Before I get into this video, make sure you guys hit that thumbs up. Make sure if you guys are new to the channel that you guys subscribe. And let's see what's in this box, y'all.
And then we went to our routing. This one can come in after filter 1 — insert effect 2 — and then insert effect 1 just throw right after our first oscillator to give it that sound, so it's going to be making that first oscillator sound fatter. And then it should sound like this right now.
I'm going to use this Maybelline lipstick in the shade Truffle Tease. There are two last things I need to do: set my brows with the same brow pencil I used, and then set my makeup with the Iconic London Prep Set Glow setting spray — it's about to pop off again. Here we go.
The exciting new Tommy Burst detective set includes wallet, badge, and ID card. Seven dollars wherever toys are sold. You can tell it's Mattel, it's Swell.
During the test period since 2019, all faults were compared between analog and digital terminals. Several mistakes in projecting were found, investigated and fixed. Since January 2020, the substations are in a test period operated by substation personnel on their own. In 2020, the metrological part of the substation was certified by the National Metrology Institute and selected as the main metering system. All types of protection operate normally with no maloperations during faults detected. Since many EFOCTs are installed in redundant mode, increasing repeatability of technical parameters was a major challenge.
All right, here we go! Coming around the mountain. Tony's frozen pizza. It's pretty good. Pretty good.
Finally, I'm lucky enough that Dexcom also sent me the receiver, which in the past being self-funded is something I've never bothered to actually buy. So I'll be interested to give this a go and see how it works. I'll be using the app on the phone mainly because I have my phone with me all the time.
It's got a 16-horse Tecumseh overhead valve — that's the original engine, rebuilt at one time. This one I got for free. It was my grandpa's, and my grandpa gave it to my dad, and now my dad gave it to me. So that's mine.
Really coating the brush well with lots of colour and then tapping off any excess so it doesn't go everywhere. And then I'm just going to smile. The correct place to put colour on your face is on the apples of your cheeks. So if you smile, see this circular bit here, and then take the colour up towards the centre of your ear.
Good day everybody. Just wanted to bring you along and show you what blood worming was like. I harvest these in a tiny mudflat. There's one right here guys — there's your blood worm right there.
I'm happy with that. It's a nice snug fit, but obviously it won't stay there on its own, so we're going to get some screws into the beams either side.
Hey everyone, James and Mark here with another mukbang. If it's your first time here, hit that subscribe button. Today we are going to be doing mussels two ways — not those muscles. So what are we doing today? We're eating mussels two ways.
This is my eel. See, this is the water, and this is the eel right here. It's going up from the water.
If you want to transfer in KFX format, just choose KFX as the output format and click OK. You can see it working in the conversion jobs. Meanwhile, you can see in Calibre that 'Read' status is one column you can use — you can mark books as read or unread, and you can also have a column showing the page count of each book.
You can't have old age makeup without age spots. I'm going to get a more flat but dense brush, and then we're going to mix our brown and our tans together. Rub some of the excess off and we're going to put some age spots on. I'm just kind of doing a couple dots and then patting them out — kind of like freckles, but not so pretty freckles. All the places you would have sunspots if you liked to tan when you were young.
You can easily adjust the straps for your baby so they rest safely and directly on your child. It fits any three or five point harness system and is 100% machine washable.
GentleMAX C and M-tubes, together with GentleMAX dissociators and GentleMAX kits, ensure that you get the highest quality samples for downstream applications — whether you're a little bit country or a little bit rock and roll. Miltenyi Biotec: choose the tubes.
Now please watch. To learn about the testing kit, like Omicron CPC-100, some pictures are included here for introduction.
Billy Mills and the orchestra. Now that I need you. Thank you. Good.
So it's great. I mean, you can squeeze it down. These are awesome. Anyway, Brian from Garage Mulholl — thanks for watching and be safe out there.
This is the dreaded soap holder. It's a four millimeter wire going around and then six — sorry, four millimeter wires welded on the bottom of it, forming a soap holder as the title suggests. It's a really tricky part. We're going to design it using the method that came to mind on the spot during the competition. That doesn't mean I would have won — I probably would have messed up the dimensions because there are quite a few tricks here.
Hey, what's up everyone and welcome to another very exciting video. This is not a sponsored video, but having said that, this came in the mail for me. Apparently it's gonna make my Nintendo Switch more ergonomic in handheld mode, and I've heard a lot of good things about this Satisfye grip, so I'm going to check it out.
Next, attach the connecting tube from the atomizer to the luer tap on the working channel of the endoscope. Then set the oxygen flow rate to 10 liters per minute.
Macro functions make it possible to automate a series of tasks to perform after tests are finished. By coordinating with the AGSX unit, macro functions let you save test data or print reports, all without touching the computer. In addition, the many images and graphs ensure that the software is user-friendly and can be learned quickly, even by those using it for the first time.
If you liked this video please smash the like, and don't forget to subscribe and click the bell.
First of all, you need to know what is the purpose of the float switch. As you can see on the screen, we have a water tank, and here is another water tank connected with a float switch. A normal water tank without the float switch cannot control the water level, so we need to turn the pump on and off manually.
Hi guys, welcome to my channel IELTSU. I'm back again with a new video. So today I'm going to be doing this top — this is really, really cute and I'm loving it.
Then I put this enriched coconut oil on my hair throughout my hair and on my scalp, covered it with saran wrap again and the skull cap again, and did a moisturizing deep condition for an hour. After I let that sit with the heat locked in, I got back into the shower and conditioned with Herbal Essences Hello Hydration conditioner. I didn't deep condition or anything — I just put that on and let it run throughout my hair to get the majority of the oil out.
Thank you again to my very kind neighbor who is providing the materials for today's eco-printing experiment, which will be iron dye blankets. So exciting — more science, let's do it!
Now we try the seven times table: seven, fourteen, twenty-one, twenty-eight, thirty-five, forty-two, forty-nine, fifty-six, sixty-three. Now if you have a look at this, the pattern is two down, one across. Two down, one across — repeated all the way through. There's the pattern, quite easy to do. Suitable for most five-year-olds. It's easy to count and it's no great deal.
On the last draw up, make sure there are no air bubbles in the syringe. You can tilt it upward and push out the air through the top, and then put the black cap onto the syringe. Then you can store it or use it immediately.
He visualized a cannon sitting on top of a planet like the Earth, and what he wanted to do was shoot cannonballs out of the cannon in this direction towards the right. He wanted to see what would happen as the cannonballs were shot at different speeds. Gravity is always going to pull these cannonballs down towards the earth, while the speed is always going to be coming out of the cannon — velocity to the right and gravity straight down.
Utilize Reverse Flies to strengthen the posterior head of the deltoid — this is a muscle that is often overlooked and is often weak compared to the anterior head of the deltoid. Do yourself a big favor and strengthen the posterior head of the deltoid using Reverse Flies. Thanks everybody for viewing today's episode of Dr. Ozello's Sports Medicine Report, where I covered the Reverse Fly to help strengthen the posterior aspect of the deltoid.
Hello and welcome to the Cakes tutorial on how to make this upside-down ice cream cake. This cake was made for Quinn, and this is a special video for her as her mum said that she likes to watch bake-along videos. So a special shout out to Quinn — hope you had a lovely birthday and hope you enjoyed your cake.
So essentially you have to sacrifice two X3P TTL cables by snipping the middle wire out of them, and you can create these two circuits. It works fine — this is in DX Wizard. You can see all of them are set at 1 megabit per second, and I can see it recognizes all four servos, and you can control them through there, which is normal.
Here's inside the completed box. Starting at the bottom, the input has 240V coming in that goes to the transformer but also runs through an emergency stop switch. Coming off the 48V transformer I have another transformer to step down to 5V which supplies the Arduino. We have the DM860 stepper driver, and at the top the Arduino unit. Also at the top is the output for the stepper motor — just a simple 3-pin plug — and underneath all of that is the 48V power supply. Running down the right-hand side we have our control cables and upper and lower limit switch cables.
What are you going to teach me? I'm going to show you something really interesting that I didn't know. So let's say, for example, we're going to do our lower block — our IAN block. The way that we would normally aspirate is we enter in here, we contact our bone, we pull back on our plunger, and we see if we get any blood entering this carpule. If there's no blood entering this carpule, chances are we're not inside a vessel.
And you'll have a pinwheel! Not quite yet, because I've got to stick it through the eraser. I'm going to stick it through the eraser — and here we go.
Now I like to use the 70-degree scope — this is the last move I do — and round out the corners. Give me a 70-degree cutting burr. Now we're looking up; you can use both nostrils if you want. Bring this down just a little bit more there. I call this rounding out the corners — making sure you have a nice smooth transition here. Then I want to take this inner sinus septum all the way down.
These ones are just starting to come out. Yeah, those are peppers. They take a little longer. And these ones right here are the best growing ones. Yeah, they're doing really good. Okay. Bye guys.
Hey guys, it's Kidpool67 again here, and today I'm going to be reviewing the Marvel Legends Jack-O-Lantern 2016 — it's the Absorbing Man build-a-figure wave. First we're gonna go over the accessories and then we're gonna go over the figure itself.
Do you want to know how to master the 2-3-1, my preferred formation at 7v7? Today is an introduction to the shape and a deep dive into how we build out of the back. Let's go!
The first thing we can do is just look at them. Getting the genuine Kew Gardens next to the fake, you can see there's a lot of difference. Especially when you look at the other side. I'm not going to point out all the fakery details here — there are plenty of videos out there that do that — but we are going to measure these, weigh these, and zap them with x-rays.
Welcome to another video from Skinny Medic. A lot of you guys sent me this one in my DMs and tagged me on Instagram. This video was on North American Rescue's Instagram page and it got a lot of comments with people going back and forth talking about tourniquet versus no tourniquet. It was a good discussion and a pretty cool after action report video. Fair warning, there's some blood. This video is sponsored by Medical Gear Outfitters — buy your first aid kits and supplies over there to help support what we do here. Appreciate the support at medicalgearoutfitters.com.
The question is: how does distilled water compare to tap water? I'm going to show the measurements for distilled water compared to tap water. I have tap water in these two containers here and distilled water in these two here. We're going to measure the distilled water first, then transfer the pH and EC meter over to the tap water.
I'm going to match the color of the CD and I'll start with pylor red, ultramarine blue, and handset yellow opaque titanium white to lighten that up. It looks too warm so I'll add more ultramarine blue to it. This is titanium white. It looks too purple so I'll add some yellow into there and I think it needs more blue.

·····

▶ WHAT NEEDS TO BE DONE
Scan the records above for the lines holding "I'm happy with" and "Hey everyone, James". Transcribe those two and every line between them word for word, and no others.

▶ EXERCISE SOLUTION
I'm happy with that. It's a nice snug fit, but obviously it won't stay there on its own, so we're going to get some screws into the beams either side.
Hey everyone, James and Mark here with another mukbang. If it's your first time here, hit that subscribe button. Today we are going to be doing mussels two ways — not those muscles. So what are we doing today? We're eating mussels two ways.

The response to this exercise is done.